Informally, the definition of $x \to a \implies f(x) \to L$ says that for any distance we pick around $L$, we should be able to find a distance around $a$ such that for all $x$ within that distance around $a$ (i.e., for all $x$ *really close to $a$), we will have all of the $f(x)$ within the first distance of $L$ (i.e., we will have all of the $f(x)$ really close to $L$). In math, this is:
$f(x) \to L$ as $x \to a$ if for every $\epsilon > 0$, $\exists \delta > 0$ such that $|x - a| < \delta$ implies $|f(x) - f(a)|< \epsilon$. Notice that we are saying for every $\epsilon > 0$, so it should be true as $\epsilon$ gets smaller and smaller, that we will always be able to find some distance around $a$ such that all of the elements $x$ within that distance will have $f(x)$ within $\epsilon$ of $L$.

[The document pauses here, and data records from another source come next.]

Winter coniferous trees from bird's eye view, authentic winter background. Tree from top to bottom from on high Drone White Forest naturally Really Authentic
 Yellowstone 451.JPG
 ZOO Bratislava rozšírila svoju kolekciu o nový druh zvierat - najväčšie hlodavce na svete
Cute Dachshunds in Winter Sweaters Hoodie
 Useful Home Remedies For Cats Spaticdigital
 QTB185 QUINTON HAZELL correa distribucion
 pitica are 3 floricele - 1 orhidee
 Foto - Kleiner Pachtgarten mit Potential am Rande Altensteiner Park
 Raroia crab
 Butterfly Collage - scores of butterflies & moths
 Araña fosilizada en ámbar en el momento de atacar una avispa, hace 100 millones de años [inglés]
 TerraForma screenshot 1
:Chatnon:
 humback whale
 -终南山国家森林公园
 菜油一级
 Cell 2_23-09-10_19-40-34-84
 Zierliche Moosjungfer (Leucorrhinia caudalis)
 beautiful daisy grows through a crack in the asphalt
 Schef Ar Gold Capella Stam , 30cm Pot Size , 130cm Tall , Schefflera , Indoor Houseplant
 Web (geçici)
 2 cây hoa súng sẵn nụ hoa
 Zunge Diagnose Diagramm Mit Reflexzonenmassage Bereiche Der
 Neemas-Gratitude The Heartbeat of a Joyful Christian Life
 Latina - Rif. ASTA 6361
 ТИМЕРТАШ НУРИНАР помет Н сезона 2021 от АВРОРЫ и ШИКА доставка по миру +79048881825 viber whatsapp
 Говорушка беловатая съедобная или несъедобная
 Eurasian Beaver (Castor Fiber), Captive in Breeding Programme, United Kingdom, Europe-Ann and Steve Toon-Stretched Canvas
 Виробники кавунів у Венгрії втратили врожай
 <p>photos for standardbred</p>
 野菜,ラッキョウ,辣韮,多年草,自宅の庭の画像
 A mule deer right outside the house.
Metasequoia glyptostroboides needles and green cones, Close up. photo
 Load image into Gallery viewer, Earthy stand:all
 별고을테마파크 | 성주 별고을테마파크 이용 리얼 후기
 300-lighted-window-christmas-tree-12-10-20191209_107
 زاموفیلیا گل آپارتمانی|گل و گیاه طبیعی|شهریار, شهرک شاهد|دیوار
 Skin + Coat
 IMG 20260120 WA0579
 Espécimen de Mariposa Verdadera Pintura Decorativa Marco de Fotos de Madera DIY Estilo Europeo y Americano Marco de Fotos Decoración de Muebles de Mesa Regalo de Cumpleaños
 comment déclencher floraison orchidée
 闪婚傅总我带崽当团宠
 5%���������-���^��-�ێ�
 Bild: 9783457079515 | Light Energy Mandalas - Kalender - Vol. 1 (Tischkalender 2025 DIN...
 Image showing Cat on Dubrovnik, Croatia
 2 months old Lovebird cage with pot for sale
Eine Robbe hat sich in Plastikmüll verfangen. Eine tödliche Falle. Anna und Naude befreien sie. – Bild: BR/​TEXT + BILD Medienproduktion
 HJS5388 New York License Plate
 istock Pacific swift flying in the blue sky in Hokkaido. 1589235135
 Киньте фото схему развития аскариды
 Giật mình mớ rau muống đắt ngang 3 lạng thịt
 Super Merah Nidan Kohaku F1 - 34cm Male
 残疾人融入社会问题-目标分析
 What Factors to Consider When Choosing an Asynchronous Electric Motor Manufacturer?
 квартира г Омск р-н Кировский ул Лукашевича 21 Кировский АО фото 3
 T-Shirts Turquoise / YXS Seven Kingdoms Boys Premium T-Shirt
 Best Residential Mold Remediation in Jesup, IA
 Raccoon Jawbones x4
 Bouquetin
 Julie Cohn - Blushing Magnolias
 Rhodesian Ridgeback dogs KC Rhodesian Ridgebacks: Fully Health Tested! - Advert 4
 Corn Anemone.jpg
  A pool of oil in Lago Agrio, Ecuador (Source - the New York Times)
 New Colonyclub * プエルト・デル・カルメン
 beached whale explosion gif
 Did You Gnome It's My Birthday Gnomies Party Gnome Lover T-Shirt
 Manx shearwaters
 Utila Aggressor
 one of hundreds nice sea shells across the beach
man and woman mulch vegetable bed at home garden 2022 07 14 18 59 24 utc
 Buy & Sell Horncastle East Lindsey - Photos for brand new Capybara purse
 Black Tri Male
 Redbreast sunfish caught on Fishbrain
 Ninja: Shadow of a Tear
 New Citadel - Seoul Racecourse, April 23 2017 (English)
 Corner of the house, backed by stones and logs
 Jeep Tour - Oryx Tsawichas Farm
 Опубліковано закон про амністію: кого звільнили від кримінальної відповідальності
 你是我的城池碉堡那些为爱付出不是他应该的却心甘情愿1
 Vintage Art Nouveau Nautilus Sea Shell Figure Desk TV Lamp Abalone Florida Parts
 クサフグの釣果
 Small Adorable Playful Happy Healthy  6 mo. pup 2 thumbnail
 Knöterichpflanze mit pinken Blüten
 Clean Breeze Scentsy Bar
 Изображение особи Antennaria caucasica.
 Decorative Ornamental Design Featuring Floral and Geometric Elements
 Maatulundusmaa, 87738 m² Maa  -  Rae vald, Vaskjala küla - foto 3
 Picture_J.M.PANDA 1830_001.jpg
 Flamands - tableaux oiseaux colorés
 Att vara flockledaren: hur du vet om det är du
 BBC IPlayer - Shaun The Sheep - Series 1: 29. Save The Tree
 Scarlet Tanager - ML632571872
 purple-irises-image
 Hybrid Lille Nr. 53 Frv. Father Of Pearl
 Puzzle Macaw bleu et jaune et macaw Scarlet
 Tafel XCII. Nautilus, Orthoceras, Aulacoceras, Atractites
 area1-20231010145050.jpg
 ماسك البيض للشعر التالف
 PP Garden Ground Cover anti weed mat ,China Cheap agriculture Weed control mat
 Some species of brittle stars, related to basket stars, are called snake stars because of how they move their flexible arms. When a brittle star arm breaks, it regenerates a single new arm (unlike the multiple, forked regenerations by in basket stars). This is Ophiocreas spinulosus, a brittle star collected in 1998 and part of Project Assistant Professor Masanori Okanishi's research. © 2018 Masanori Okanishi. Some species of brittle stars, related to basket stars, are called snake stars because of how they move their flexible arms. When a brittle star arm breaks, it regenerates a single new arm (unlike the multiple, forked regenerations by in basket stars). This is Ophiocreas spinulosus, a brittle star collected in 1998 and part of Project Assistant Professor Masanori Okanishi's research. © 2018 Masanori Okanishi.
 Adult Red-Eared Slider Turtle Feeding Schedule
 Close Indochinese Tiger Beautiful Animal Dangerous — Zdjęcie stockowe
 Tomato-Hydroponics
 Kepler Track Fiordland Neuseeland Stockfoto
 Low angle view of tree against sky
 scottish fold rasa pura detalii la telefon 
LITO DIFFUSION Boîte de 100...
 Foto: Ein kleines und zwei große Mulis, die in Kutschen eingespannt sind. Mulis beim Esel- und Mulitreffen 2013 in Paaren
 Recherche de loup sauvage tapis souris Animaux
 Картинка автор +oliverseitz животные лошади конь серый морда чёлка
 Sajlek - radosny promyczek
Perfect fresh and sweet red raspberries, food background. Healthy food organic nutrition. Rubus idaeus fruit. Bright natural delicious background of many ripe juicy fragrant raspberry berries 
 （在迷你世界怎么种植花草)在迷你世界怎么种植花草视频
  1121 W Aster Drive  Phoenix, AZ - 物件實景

Now, the work you did was kind of working "backwards" to find the $\delta$, and this is very common in $\epsilon$-$\delta$ proofs. You said: suppose we have that $|\dfrac{x^{2} + 2x - 3}{x - 1} - 4| < \epsilon$, i.e., the distance between $f(x)$ and $4$ is less than $\epsilon$. Well, if that's true, then your next line should be true, and if that is true then the next line after that should be true, etc. You got all the way down to $|x - 1| < \epsilon$. So that means if it is true that $|x - 1|< \epsilon$ (i.e., the distance between $x$ and $1$ is less than $\epsilon$), then it's true that our function is less than $\epsilon$ away from $4$. So in your proof, the $\delta$ you found was actually $\delta = \epsilon$.